#!/usr/bin/env python
# coding: utf-8

#  # Segmenting and Clustering of Neighborhoods in Toronto City
# 
#  As Github does not support folium map, so if you want to see fully rendered notebook, click on this link 
#  https://nbviewer.jupyter.org/github/Mr-Piyush-Kumar/Data_Science_Projects/blob/master/Toronto_City_Neighborhood_Clustring/TorrontoCityNeighborhoodClustring.ipynb

# ### Introduction
# 
# This Notebook is the part of IBM Data Science Capastone Project.
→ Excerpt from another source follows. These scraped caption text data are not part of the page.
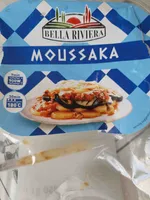 Moussaka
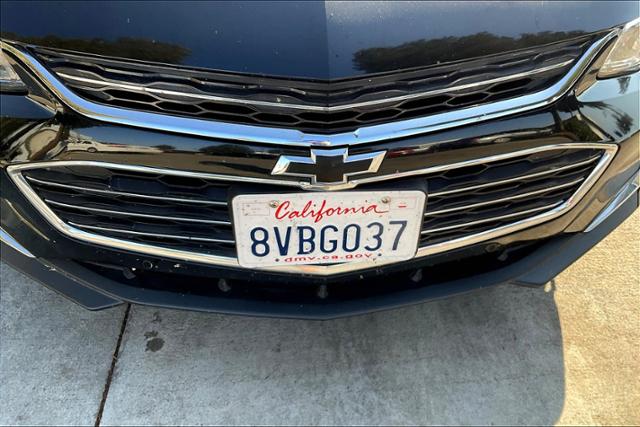2017 Chevrolet Malibu Hybrid FWD for sale in Fresno, CA – photo 21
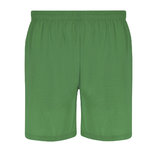 Shorts Rudig BLEU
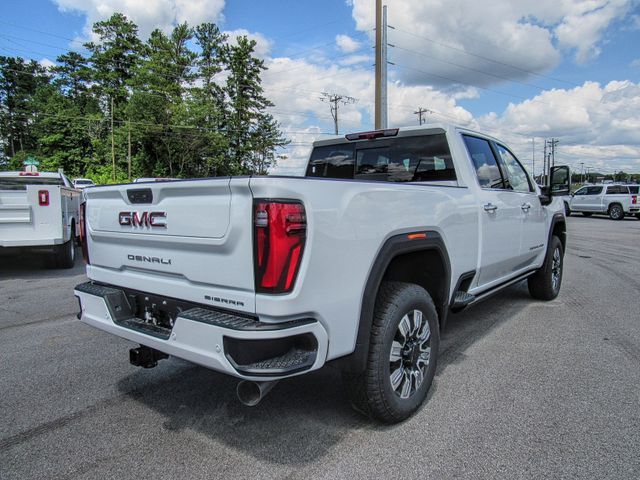 Photo of 2025 GMC Sierra 2500HD Denali in Dallas, GA - 4,  2025 GMC Sierra 2500HD Denali:43928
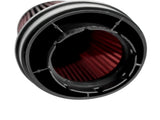 4 Inch LS Swap Cold Air Intake Kit w/ Filter Fit for LSX LS1 LS2 4.8L 5.3L 5.7L 6.0L 02198597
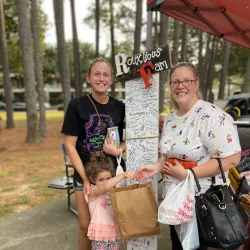 Kingwood Farmers Market - Kingwood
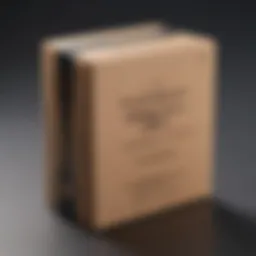 Detailed view of Panacur Power Pak box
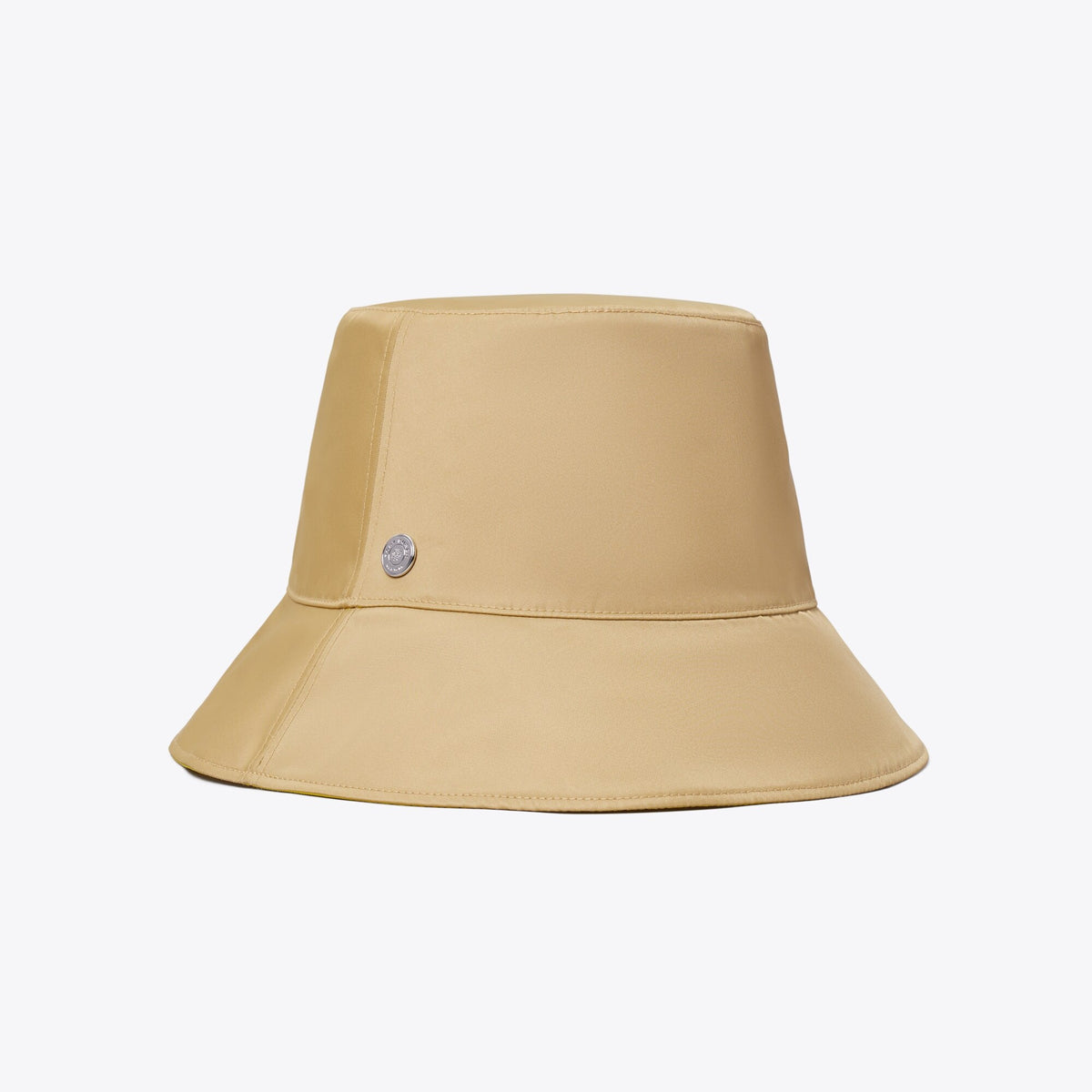 Tory Burch Twist Bucket Hat - Wheat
In This project, I am going to explore the nearby venues of Toronto City and after I will use machine learning to create clusters of these neighborhoods and will show all these clusters in the map of Toronto City.
# ### Created By:- Piyush Kumar

# # Part - 1 of this Project

# ### Objective
# Displaying Toronto City Neighborhoods dataset after scrapping and cleaning from wikipedia a page.

# In[1]:


# Importing libraries.
import pandas as pd
import numpy as np


# In[2]:


# This line of code will fetch all the tables in this 'https://en.wikipedia.org/wiki/List_of_postal_codes_of_Canada:_M' 
# wikipedia page.

tabels = pd.read_html('https://en.wikipedia.org/wiki/List_of_postal_codes_of_Canada:_M')


# In[3]:


len(tabels)


# As we can see there are three tabels. Lets check which table is reqiured for us.

# In[4]:


# 1st Table, 
# NOTE:- each element in tabels list is a DataFrame.

tabels[0].head()


# As we can see this is the table which we reqiured, so there is no need to check other tabels.

# In[5]:


# Storing tabel 1 in a saparate DataFrame.

Toronto_df = tabels[0]
del(tabels) # deleting tables list, as we don't required it anymore.
Toronto_df.head()


# In[6]:


# Data Wrangling # Data Preprocessing

# 1- Changing DataFrame's columns name according to project instructions
Toronto_df.columns = ['PostalCode','Borough','Neighborhood']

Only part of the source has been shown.